Q. How happy are you with the reliability of the BMW Sauber C29 after the first test?

Willy Rampf – BMW Sauber’s technical director: “All in all we can be satisfied with the reliability of the car. We completed 1,000 kilometres over the three days without encountering any major problems. Of course, we have to make some adjustments and modifications, but that’s what tests are there for.”

Q. Are these all things that can be rectified ahead of the first race of the season in Bahrain or even before the next test?

WR: “We will have worked through most of the points before the next test in Jerez. There’s nothing that we need to be seriously concerned about. For example, the rear of the engine cover was singed by the exhaust gases, so we’ll be using a different material for that.”

Q. How are things looking in terms of the car’s performance and competitiveness?

WR: “That is even more difficult to assess this year than in previous years. All we can say is that our car is delivering the performance expected based on our simulations and measurements in the wind tunnel. Vastly differing fuel loads make it impossible to draw an absolute comparison with other teams’ cars.”

Q. What are the drivers telling you about the handling of the C29?

WR: “The drivers’ comments have been generally positive regarding factors such as braking stability, traction and the car’s responses under widely varying fuel loads.”

Q. The fuel load of the car – and therefore its weight – will vary hugely in 2010. Has car set-up been a problem?

WR: “I wouldn’t call it a problem, but it’s certainly a challenge. The cars will run a minimal fuel load in qualifying and then line up for the race with a full tank, but changes to set-up will not be allowed. Finding the right compromise here will be absolutely critical.”

Q. What has changed as a result of the slimmer front tyres?

WR: “Generally speaking, their effect is less pronounced than expected. It’s clear that the cars have a greater tendency to understeer, which we can balance out to a certain degree by shifting the weight further back and making the necessary changes to the chassis set-up.”

Q. How is the working relationship between the drivers and the team?

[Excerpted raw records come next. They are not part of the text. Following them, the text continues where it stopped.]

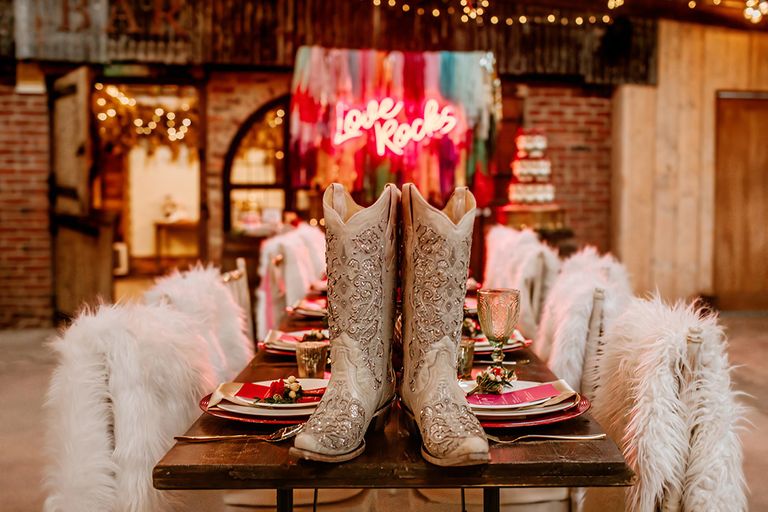 Streamer Decoration Ideas At Oak Tree Barn Winter Editorial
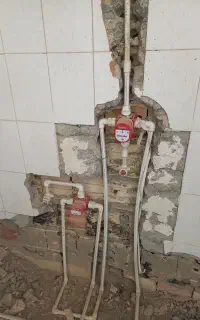 لوله کشی آب و فاضلاب و نصاب لوازم بهداشتی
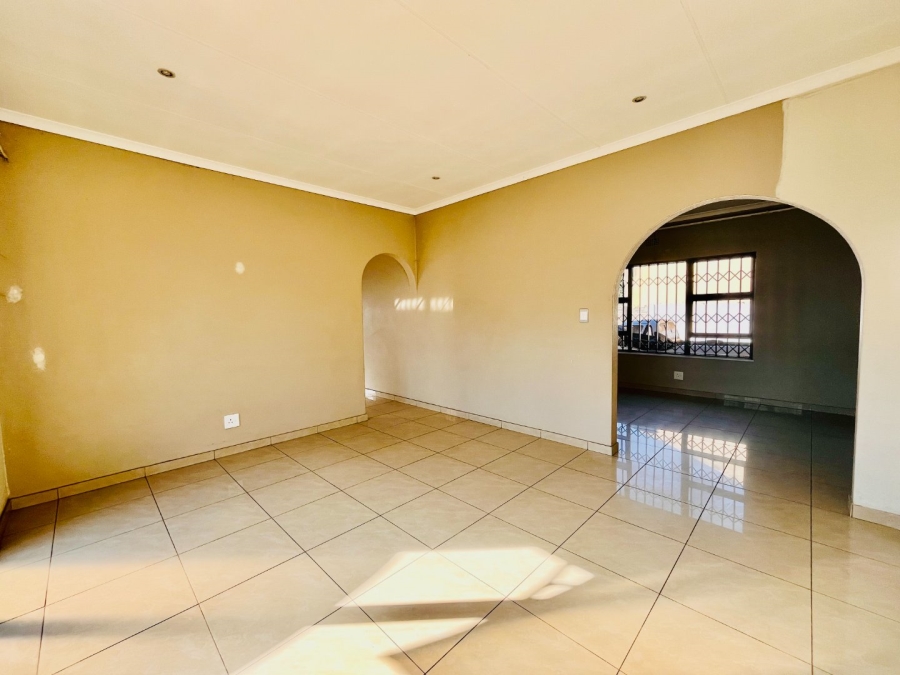 To Let 4 Bedroom Property for Rent in Mayberry Park Gauteng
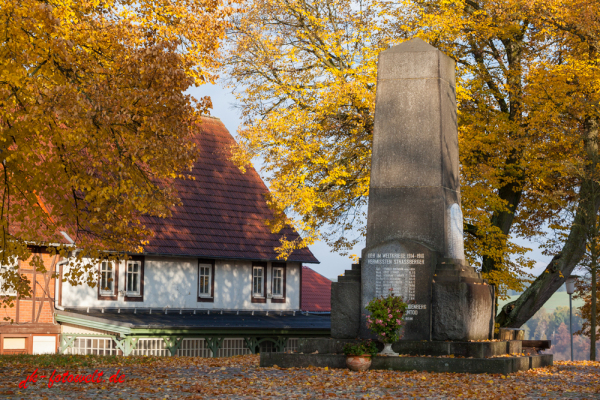 Straßberg Harz Herbst Impression Gedenskstein Opfer 1. Weltkrieg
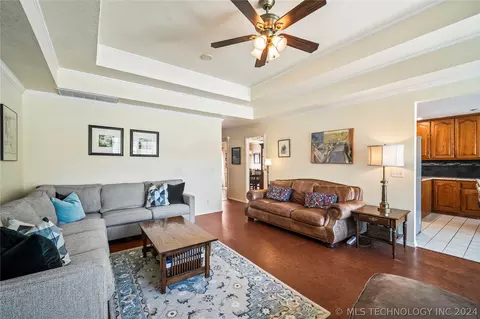 Living - 3209 E 84th St, Tulsa, OK 74137 photo 3 of 4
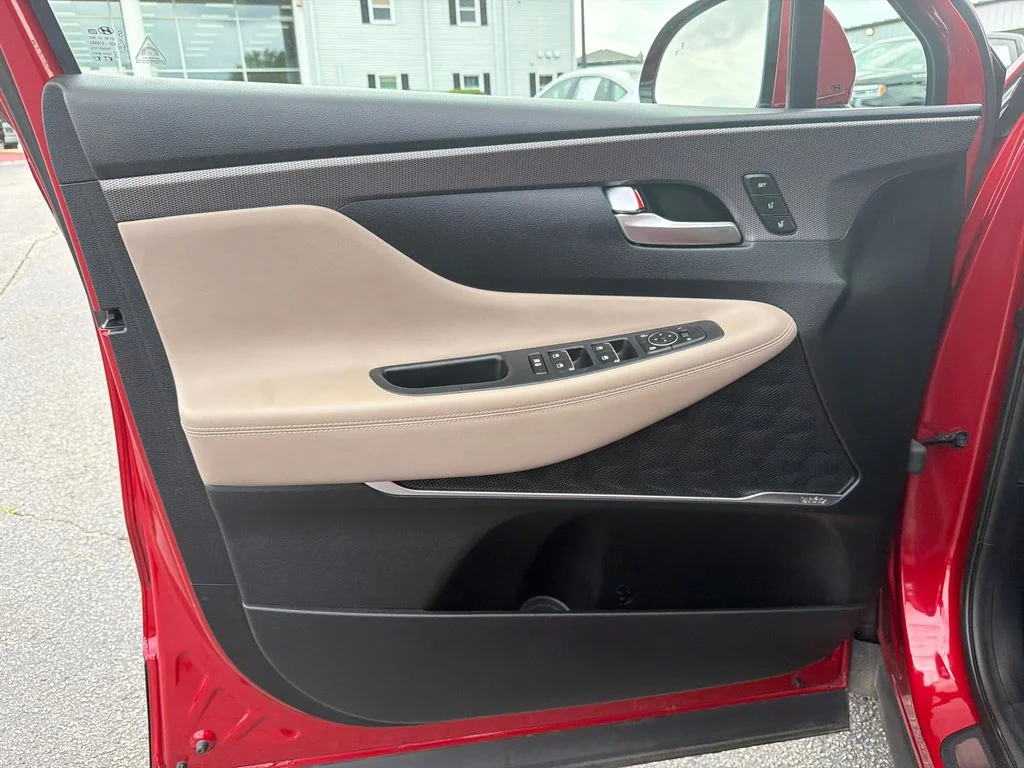 Used 2019 Red Hyundai Ultimate image 10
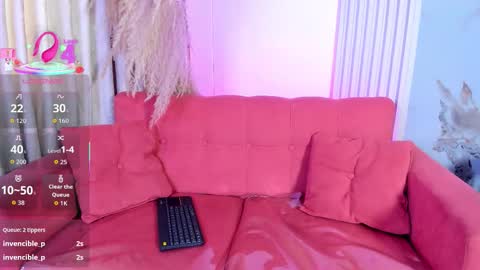 chloegils online show from December 13, 2025, 7:53 pm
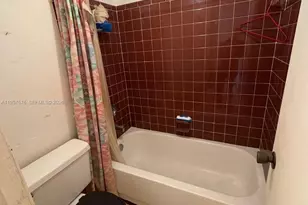 465 NW 210th St, Miami Gardens, FL 33169 - Photo 25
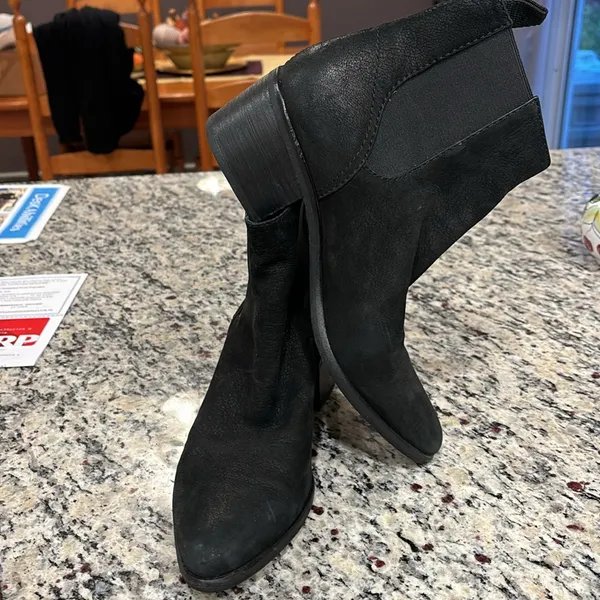 Dolce Vita black textured suede pointed toe pull on style 2” ankle boots - Image 8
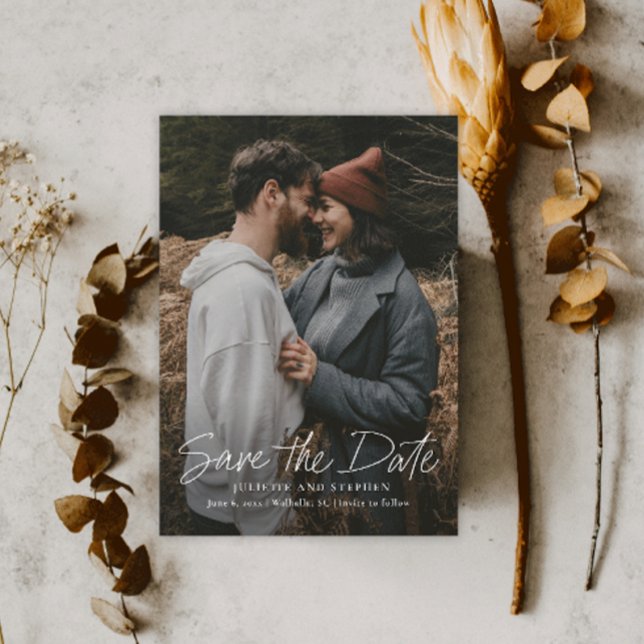 Reserve A Data Foto de casamento simples e moderno para save the  (Handwritten Script QR Code 2 Photo Wedding Save the Date card.)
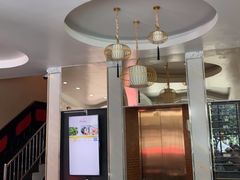 -光海鲜鱼翅餐厅(叻差拉披色路店)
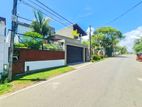 Super Luxury Three Storey House for Sale in Piliyandala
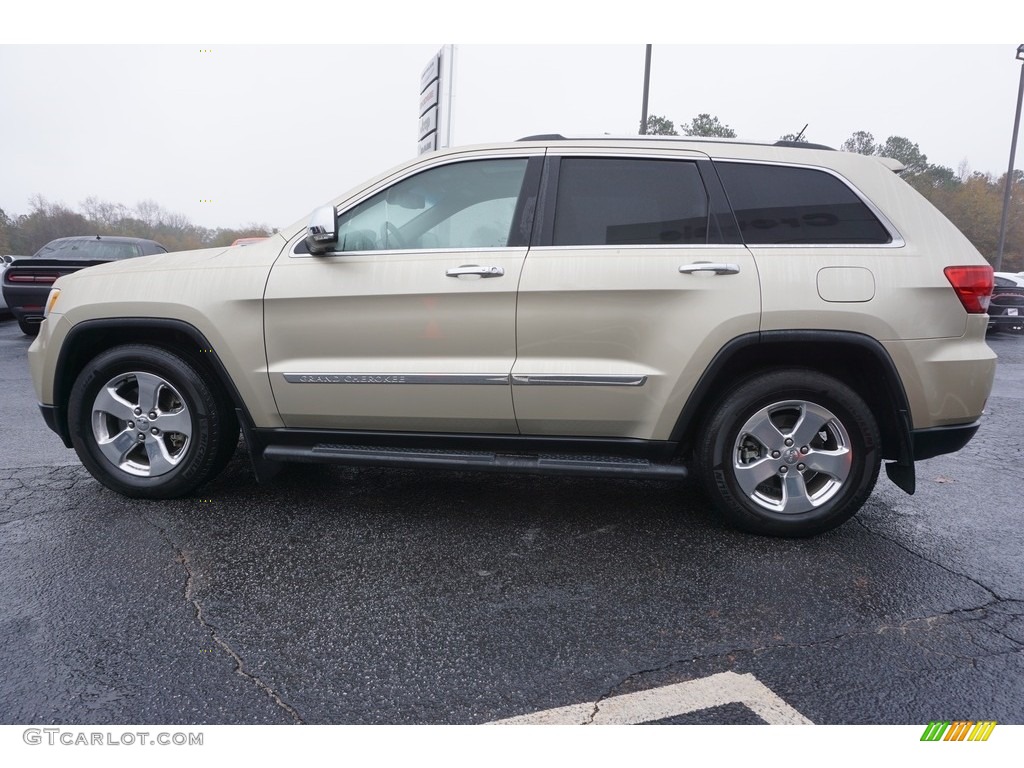 2011 Grand Cherokee Limited 4x4 - White Gold Metallic / Black/Light Frost Beige photo #4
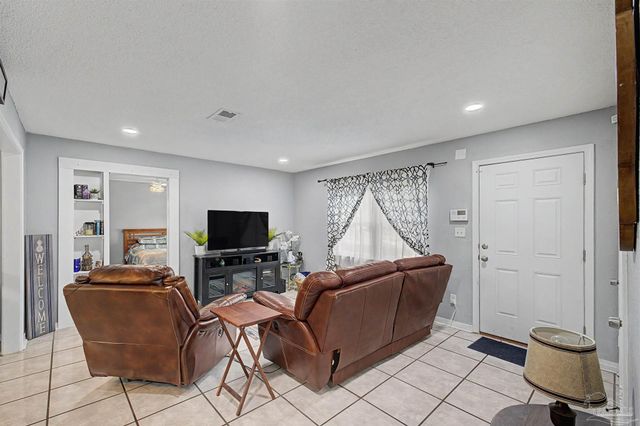 1200 Cheyenne Cir, Pensacola, FL 32505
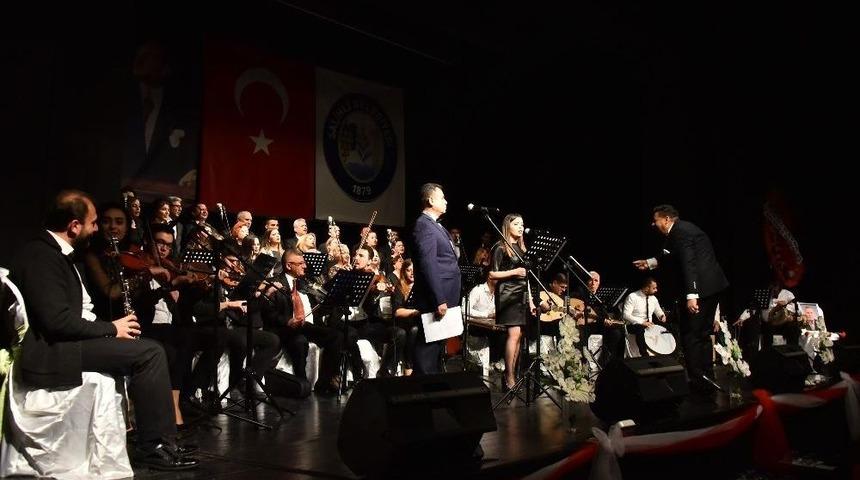 Salihli&rsquo;de Unutulmaz Bahar Konseri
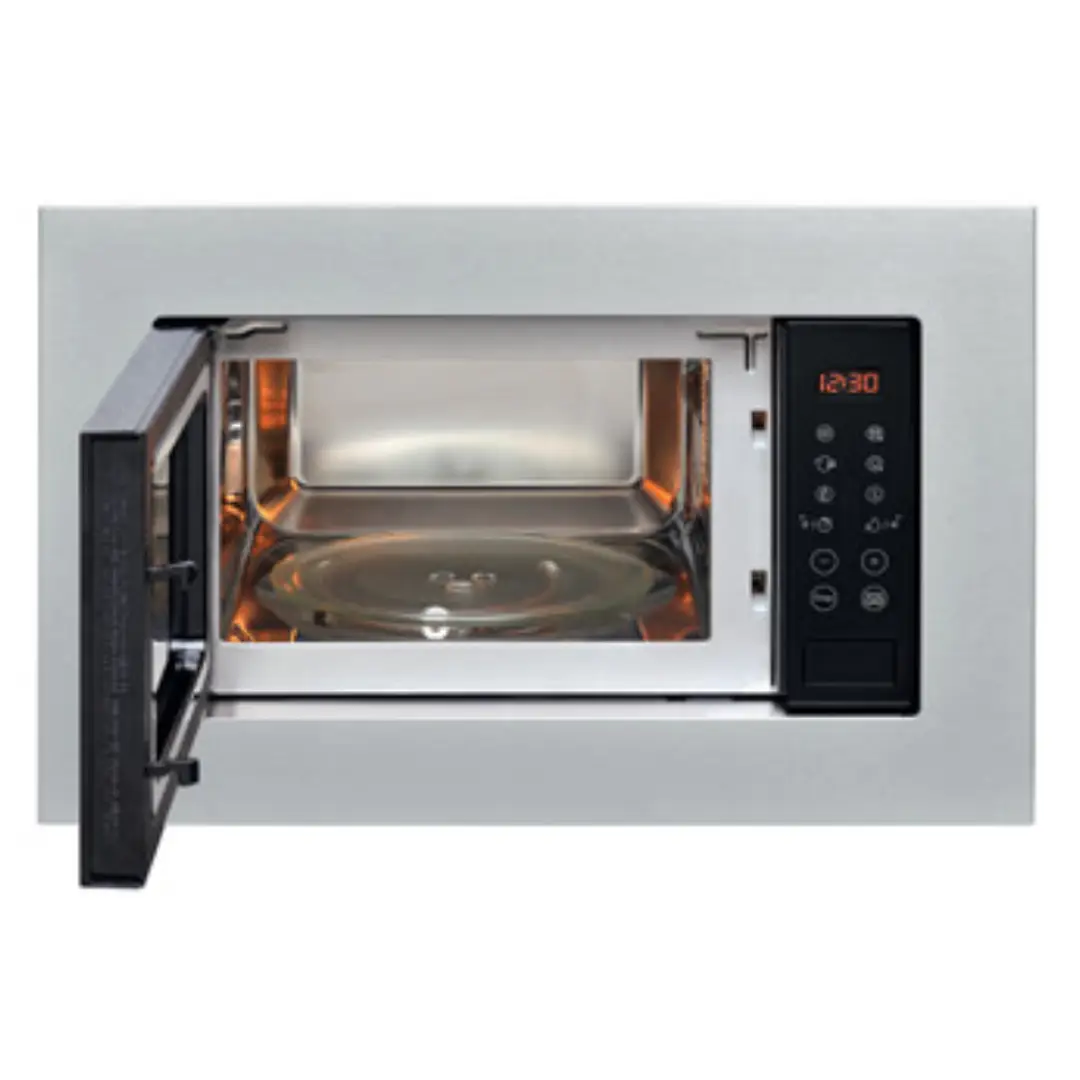Vista interior del microondas Indesit MWI 120 GX mostrando su cavidad amplia con grill de cuarzo y rejilla metálica, ideal para calentar, gratinar y cocinar con eficiencia – disponible en Electrocash.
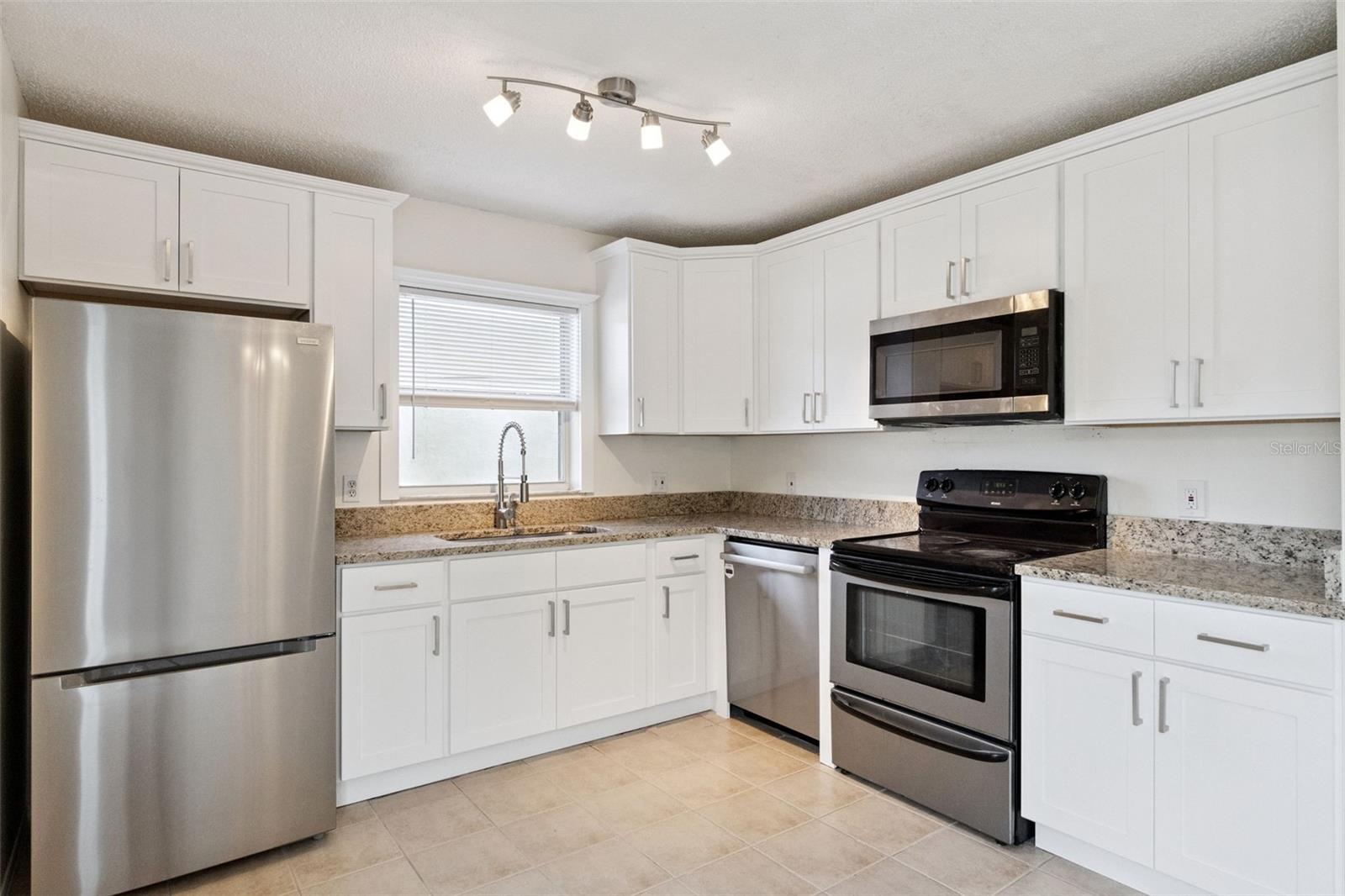 LAKE DENHAM ESTATES - Residential Lease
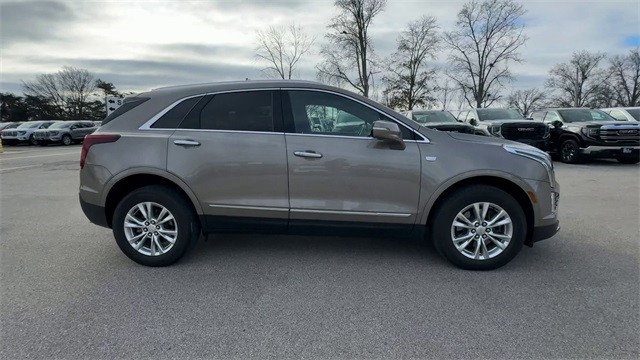 Cadillac XT5 Vehicle Full-screen Gallery Image 09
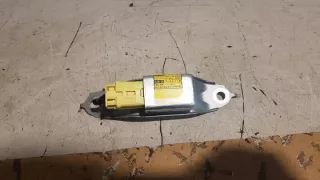 89834-47020 89833-47030 Датчик удара Toyota Prius 2 Арт e3548806, вид 1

WR: “Both drivers are new to the team and so we’re all still getting to know each other. However, the working relationship between the drivers and team has got off to a very good start. With Pedro you can see that his vast well of experience has given him a broad base of technical knowledge, which is extremely valuable for all involved. Kamui gets his impressions across very quickly, which means he can give the engineers the information they need to work out the changes required. All in all, the drivers and engineers are already working together very productively.”